At a school costing $85,000 per year, that leaves a family financing gap of nearly $57,500 per year, or more than $230,000 over four years, that no federal loan program covers. Families must find that money somewhere else.

Who Absorbs the Gap

Before the PLUS cap, parents could borrow up to the full cost of attendance minus any other aid received, effectively allowing unlimited federal borrowing at the expense of retirement security and long-term household balance sheets. That model produced a generation of parents carrying six-figure Parent PLUS balances into their 60s.

 

Beth Akers, Senior Fellow, American Enterprise Institute

As American Enterprise Institute senior fellow Beth Akers observed in the Washington Post:

"The question is not whether families should borrow less.

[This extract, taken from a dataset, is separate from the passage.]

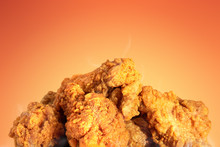Fried Chicken Or Crispy Kentucky On Hot Background. Delicious Hot Meal With Fast Food.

It is who ends up holding the bag when the federal spigot gets tightened without any corresponding drop in what colleges charge."

The new cap forces families into three options, none of them comfortable. Private student loans carry variable rates that frequently exceed 8 to 12 percent, with fewer consumer protections than federal loans. Home equity lines of credit put the family home at risk to finance a degree. Retirement account withdrawals trigger taxes and penalties and permanently reduce the compounding time that makes retirement savings work.

Why Colleges Are Not Filling the Gap

The structural problem is that federal loan limits have never successfully constrained tuition growth. When PLUS loans allowed unlimited borrowing, colleges had no pricing pressure from the demand side. Families could always borrow more, so institutions kept charging more. The new cap changes the borrowing ceiling without changing the tuition ceiling, and colleges are not rushing to cut prices to match what families can actually finance.

New America's analysis found that dozens of universities had been actively steering families toward maximum PLUS borrowing regardless of their ability to repay, treating the federal program as a revenue backstop rather than a financial safety net. The cap removes that backstop without fixing the underlying pricing dynamic.

Wrap Up

The college financing model that American families relied on for a generation assumed federal loans would expand to meet whatever colleges decided to charge. That model is now broken on both ends. Tuition keeps climbing toward six figures annually while federal borrowing caps tighten, and the families stuck between those two trends have no good options.

For ordinary Americans, the real cost of this breakdown is measured not just in tuition bills but in depleted retirement accounts, mortgaged homes, and graduate debt loads that delay every major financial milestone that follows a degree.